Media: Things we like

ES magazine's biggest issue

The London Evening Standard may face distribution issues but its product remains impressive and its weekly glossy magazine ES is in especially rude health. Last week saw it pull in advertisers in their droves as the magazine reached a record 142 pages and punched its weight alongside the other newspaper glossies with a cover shoot featuring Vanessa Paradis. Its Christmas presents special was also one of the more impressive on offer among last weekend's supplements.

Churchill the dog in panto

The insurance company Churchill has hatched a deal for its ad mascot, Churchill the dog, to feature in 22 pantomimes across the country. The nodding canine will feature in shows up and down the country including Bradford, Northampton, Nottingham, Plymouth and Wolverhampton.
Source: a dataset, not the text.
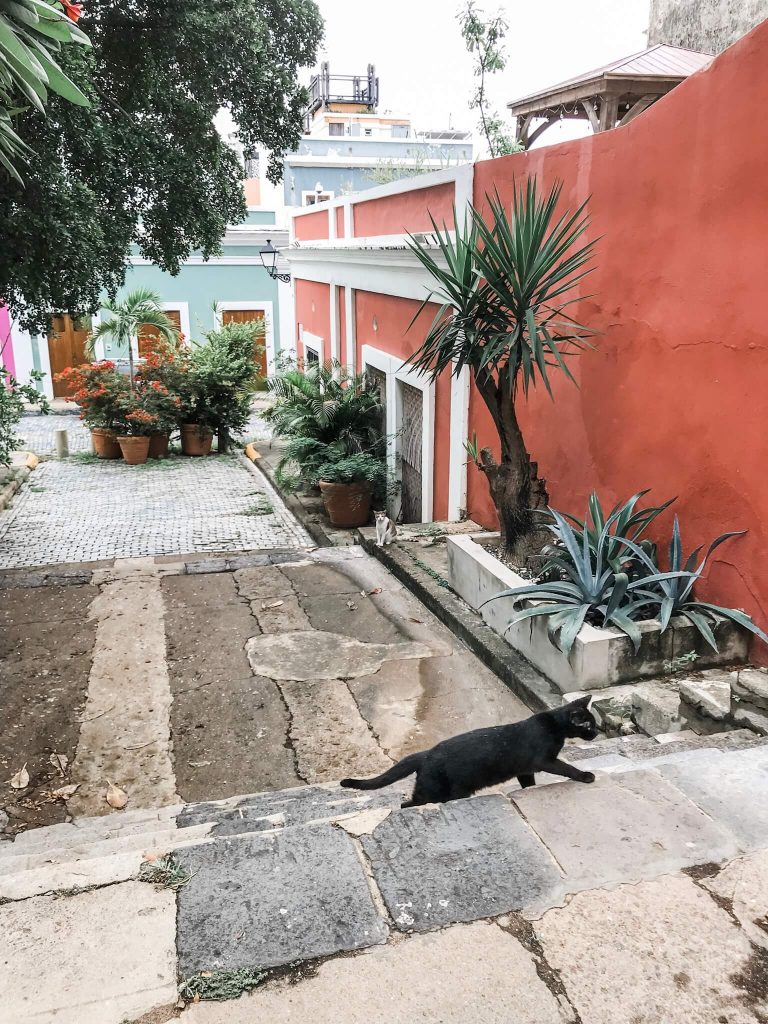 Cat on street in San Juan Puerto Rico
We weren't sure what to make of this until the past few days when PR and marketing activity has kicked in, giving Churchill a big presence across the country through interviews in local papers and on local radio. More content has been made available at

BBC strategic review

It looks like the BBC's long-overdue strategic review, which won't be completed until next year, might actually deliver some relief for its commercial rivals. The BBC Trust has hinted there might be some sell-offs or at least cutbacks to elements of BBC Online, which would help rival news and content providers, and Mark Thompson, the director-general, has talked about a "more focused BBC ... smaller in some respects". There are also suggestions that this will include a scaling back of digital services such as BBC Three and BBC Four. Probably a shrewd move.

ITV player on Freesat

It's good to see ITV's catch-up service playing catch-up with the BBC's iPlayer by securing new distribution deals. The latest will see the video-on-demand service launching on Freesat, the free-to-air digital satellite platform, early next year. The fact that this will be available in high definition is an extra bonus for viewers.


River Cottage on Channel 4

Is there a bigger arse on TV right now than Hugh Fearnley-Whittingstall? If so, show us and we'll go and kick it very hard. His "new" series of River Cottage is like an opiate for the middle classes, it's so mind-numbingly pedestrian. Last week we saw Hugh trot out all the cliched scenes - catching squid with a bloke who had never tasted squid before and who (shock) thought it was really nice, and then having all his "mates" round for a bit of a knees-up after cooking some local produce. The only winner in all this seems to be Hugh himself who has yet another new book to flog this Christmas.